The limitation with Xiaoliang's proposal here (to model FRER stream
replication and recovery as a tc action) is that I don't think it works
well for traffic termination - it only covers properly the use case of a
switch. More precisely, there isn't a single convergent termination
point for either locally originating traffic, or locally received
traffic (i.e. you, as user, don't know on which interface of several
available to open a socket).

In our hardware, this limitation isn't really visible because of the way
in which the Ethernet switch is connected inside the NXP LS1028A.
It is something like this:

+---------------------------------------+
| |
| +------+ +------+ |
| | eno2 | | eno3 | |
| +------+ +------+ |
| | | |
| +------+ +------+ |
| | swp4 | | swp5 | |
| +------+ +------+ |
| +------+ +------+ +------+ +------+ |
| | swp0 | | swp1 | | swp2 | | swp3 | |
+--+------+-+------+-+------+-+------+--+

In the above picture, the switch ports swp0-swp3 have eno3 as a DSA
master (connected to the internal swp5, a CPU port).

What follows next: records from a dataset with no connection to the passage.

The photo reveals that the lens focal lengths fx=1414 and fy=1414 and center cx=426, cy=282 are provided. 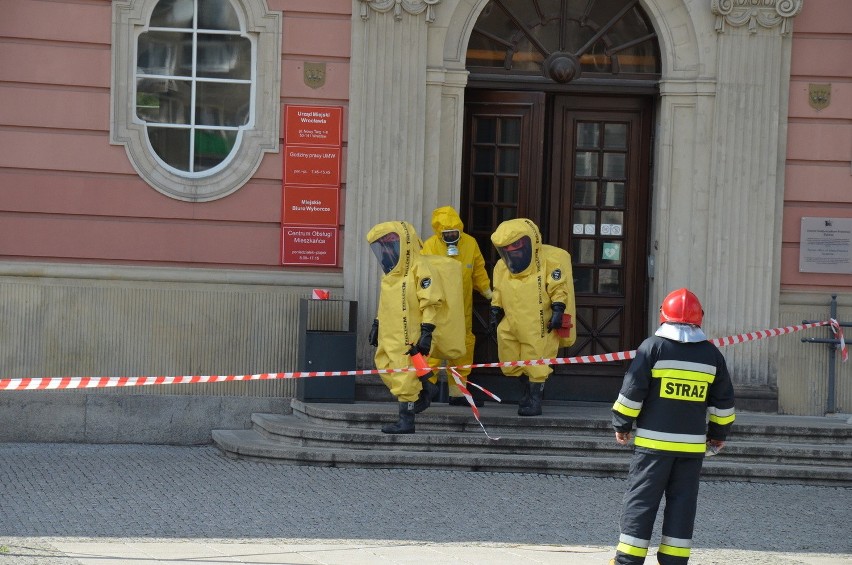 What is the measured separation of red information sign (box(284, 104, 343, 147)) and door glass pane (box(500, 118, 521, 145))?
1.55m

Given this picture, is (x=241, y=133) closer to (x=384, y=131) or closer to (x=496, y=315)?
(x=384, y=131)

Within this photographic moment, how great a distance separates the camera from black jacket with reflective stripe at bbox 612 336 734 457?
753 centimetres

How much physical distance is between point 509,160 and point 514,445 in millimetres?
3045

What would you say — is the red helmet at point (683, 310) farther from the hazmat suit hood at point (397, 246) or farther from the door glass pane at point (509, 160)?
the door glass pane at point (509, 160)

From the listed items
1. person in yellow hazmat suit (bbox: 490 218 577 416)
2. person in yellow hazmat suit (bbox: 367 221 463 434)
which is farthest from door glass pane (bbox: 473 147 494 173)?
person in yellow hazmat suit (bbox: 367 221 463 434)

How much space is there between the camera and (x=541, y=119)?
12961 mm

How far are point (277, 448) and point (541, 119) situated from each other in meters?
3.98

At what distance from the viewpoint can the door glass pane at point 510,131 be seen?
13.0 metres

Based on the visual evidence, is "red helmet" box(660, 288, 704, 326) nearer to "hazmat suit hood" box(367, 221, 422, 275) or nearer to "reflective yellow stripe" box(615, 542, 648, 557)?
"reflective yellow stripe" box(615, 542, 648, 557)

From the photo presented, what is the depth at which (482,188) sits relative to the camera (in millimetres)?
13117

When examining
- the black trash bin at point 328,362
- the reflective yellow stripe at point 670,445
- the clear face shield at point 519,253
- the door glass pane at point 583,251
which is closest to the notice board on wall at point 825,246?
the door glass pane at point 583,251

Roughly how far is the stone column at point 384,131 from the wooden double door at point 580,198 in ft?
2.49

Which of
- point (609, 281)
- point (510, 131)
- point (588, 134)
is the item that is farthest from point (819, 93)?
point (510, 131)

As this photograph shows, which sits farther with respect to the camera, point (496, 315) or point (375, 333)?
point (496, 315) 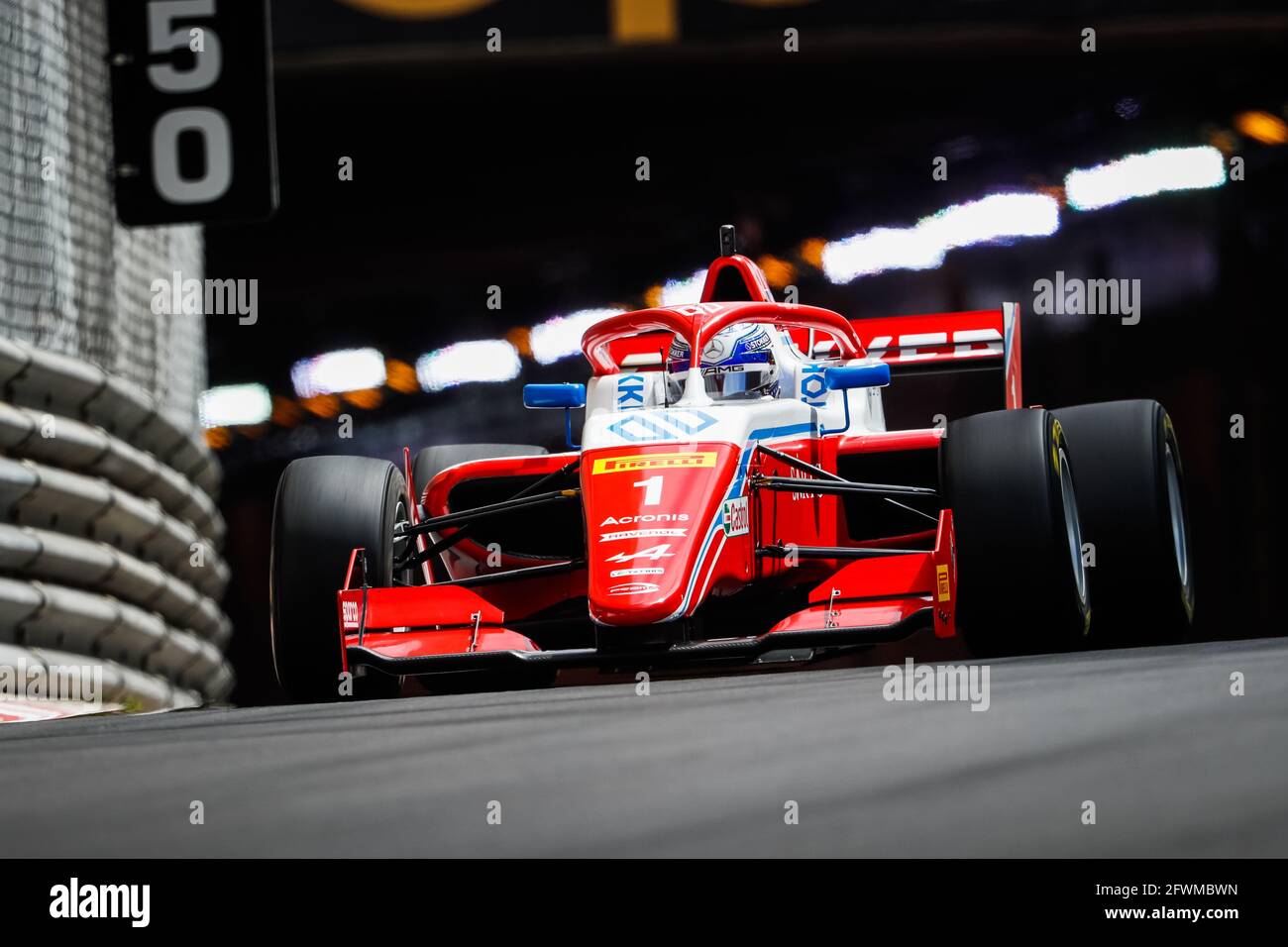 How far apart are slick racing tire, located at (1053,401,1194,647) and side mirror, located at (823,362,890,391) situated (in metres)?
0.79

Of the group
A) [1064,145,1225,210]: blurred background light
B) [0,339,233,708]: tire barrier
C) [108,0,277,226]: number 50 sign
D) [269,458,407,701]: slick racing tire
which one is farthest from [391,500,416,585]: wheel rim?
[1064,145,1225,210]: blurred background light

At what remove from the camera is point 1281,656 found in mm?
4832

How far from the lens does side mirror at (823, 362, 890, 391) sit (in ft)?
19.6

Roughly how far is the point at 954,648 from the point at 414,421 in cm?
432

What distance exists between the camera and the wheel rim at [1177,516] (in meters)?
6.24

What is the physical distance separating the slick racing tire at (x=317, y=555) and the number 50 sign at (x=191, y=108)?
1182 millimetres

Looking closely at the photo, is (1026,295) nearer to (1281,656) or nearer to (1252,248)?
(1252,248)

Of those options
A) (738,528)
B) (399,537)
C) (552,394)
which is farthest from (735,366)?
(399,537)

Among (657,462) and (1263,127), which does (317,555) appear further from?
(1263,127)

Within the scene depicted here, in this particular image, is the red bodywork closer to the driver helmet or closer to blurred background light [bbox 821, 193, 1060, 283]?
the driver helmet

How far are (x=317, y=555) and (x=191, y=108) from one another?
162cm

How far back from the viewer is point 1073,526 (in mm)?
5828

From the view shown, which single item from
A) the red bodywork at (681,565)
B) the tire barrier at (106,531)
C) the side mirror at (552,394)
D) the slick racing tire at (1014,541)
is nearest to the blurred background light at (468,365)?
the tire barrier at (106,531)
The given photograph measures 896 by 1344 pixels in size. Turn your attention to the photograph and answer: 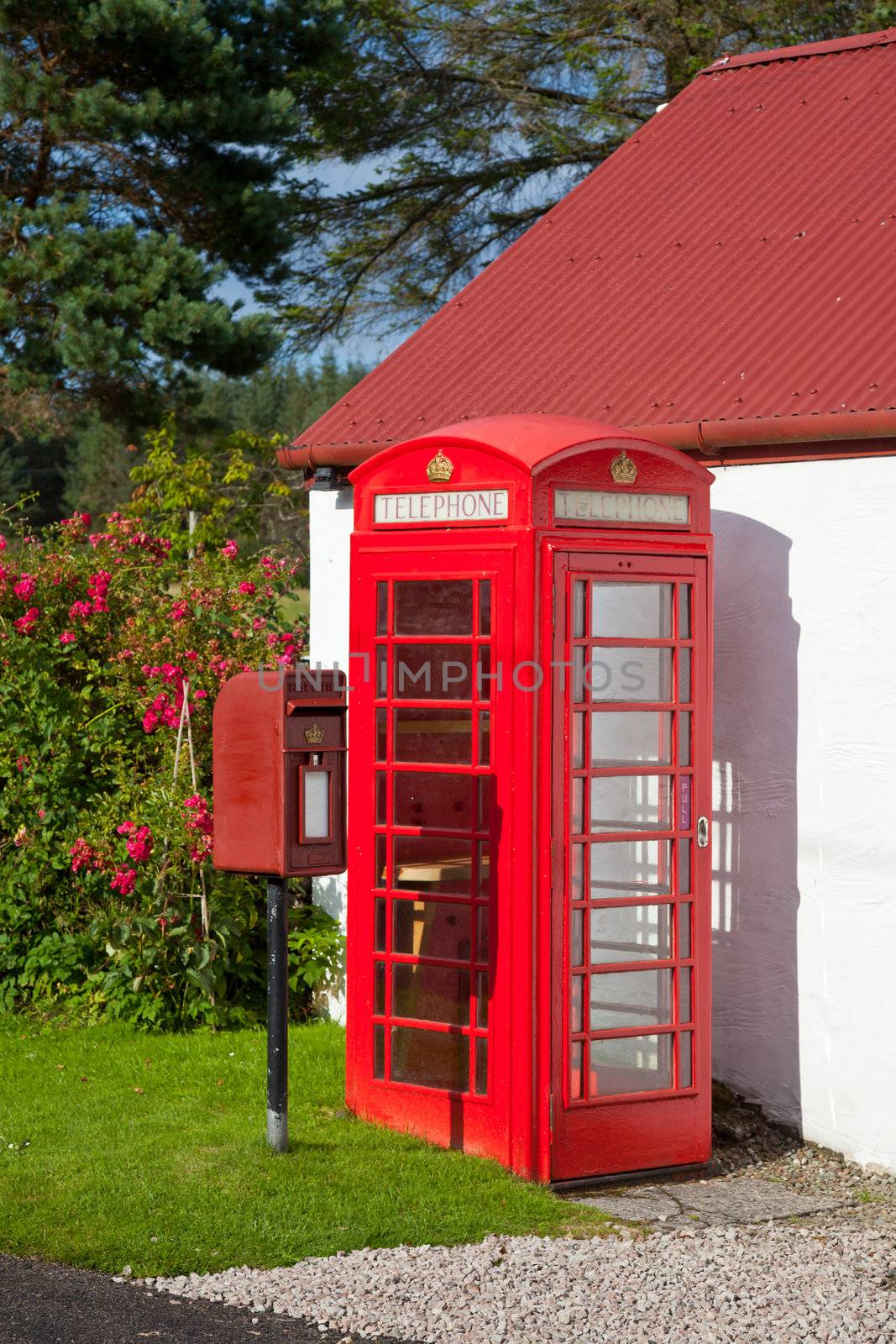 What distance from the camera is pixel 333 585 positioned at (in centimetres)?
865

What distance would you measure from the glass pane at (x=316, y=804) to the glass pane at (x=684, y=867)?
1.44 m

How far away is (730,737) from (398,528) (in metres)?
1.97

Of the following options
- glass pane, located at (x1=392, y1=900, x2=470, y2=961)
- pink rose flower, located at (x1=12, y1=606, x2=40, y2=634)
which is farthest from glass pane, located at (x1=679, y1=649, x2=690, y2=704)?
pink rose flower, located at (x1=12, y1=606, x2=40, y2=634)

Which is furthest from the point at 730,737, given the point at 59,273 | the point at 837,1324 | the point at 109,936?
the point at 59,273

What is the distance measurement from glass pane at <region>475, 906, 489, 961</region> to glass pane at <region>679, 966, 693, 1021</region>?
2.67 feet

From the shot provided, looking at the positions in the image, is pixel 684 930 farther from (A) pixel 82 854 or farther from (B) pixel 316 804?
(A) pixel 82 854

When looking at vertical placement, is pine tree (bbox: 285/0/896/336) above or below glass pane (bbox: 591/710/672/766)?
above


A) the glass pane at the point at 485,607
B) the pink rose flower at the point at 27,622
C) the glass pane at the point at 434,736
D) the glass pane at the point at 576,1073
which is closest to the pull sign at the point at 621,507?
the glass pane at the point at 485,607

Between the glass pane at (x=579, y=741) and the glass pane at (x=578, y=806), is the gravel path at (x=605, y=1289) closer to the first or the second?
the glass pane at (x=578, y=806)

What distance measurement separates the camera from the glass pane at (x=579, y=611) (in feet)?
20.0

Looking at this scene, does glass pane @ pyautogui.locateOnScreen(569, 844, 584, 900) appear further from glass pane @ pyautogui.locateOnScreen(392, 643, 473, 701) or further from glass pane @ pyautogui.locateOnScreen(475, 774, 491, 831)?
glass pane @ pyautogui.locateOnScreen(392, 643, 473, 701)

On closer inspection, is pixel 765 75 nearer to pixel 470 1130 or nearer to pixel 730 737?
pixel 730 737

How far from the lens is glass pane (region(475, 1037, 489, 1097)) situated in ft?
20.3

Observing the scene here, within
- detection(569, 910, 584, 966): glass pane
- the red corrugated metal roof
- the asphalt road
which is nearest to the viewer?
the asphalt road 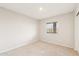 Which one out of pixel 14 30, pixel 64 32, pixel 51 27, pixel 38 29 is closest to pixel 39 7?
pixel 14 30

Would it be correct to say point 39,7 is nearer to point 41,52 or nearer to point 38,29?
point 41,52

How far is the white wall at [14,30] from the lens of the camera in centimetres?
382

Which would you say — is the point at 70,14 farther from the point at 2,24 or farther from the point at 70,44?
the point at 2,24

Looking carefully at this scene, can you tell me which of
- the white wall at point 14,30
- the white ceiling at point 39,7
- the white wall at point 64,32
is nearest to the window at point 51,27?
the white wall at point 64,32

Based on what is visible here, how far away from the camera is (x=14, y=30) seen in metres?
4.42

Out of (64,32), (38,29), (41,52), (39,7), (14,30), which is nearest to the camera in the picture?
(39,7)

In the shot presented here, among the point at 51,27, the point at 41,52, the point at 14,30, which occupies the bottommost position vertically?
the point at 41,52

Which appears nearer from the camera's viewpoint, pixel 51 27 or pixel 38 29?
pixel 51 27

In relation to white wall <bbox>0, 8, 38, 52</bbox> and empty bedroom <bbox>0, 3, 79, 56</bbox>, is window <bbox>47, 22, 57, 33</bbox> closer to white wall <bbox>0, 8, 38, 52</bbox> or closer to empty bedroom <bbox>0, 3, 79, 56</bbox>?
empty bedroom <bbox>0, 3, 79, 56</bbox>

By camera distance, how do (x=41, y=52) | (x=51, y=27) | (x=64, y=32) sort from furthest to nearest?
(x=51, y=27)
(x=64, y=32)
(x=41, y=52)

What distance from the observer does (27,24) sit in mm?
5434

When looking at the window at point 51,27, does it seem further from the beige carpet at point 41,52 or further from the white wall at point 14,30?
the beige carpet at point 41,52

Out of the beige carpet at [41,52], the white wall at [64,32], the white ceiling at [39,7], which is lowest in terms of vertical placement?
the beige carpet at [41,52]

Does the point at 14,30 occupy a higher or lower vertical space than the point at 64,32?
higher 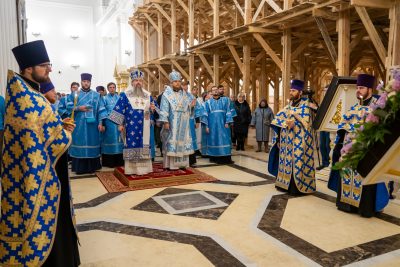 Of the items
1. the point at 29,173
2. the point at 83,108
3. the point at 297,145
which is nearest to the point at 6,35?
the point at 29,173

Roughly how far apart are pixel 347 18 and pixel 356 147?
5748 mm

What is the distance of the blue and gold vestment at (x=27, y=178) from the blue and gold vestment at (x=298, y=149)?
3.47 metres

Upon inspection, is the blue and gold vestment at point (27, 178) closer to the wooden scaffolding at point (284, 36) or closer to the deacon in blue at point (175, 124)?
the deacon in blue at point (175, 124)

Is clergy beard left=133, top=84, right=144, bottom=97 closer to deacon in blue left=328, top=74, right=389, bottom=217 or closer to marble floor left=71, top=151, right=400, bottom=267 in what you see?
marble floor left=71, top=151, right=400, bottom=267

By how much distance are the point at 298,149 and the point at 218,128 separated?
3036 mm

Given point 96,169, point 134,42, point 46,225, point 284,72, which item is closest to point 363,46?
point 284,72

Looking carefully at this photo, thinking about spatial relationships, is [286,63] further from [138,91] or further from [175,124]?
[138,91]

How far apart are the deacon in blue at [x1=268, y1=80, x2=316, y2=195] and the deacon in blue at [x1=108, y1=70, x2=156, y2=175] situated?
6.87 ft

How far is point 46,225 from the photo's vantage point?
2.16 m

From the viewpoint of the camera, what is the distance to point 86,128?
21.2 feet

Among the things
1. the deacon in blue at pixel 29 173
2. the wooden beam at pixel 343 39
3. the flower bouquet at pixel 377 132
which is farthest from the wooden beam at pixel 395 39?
the deacon in blue at pixel 29 173

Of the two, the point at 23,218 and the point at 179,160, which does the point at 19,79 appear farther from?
the point at 179,160

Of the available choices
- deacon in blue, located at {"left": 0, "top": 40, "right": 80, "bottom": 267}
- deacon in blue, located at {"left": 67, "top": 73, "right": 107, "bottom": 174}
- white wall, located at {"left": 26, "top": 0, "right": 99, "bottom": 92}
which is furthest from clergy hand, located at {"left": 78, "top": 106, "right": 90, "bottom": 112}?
white wall, located at {"left": 26, "top": 0, "right": 99, "bottom": 92}

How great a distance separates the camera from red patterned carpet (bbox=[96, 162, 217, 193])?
543cm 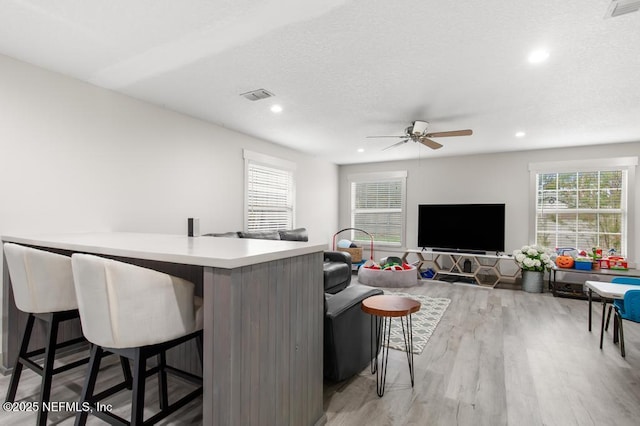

The other internal
port, swp5, is configured as a DSA user port, so it has a net device.
Analogously, while eno3 is a DSA master and receives DSA-tagged traffic
(so it is useless for direct IP termination), eno2 receives DSA untagged
traffic and is therefore an IP termination endpoint into a switched
network.

What we do in this case is put tc-frer rules for stream replication and
recovery on swp4 itself, and we use eno2 as the convergence point for
locally terminated streams.

However, naturally, a hardware design that does not look like this can't
terminate traffic like this.

My idea was that it might be better if FRER was its own virtual network
interface (like a bridge), with multiple slave interfaces. The FRER net
device could keep its own database of streams and actions (completely
outside of tc) which would be managed similar to "bridge fdb add ...".
This way, the frer0 netdevice would be the local termination endpoint,
logically speaking.

What I don't know for sure is if a FRER netdevice is supposed to forward
frames which aren't in its list of streams (and if so, by which rules).
Because if a FRER netdevice is supposed to behave like a regular bridge
for non-streams, the implication is that the FRER logic should then be
integrated into the Linux bridge.

Also, this new FRER software model complicates the offloading on NXP
LS1028A, but let's leave that aside, since it shouldn't really be the
decisive factor on what should the software model look like.

Do you have any comments on this topic?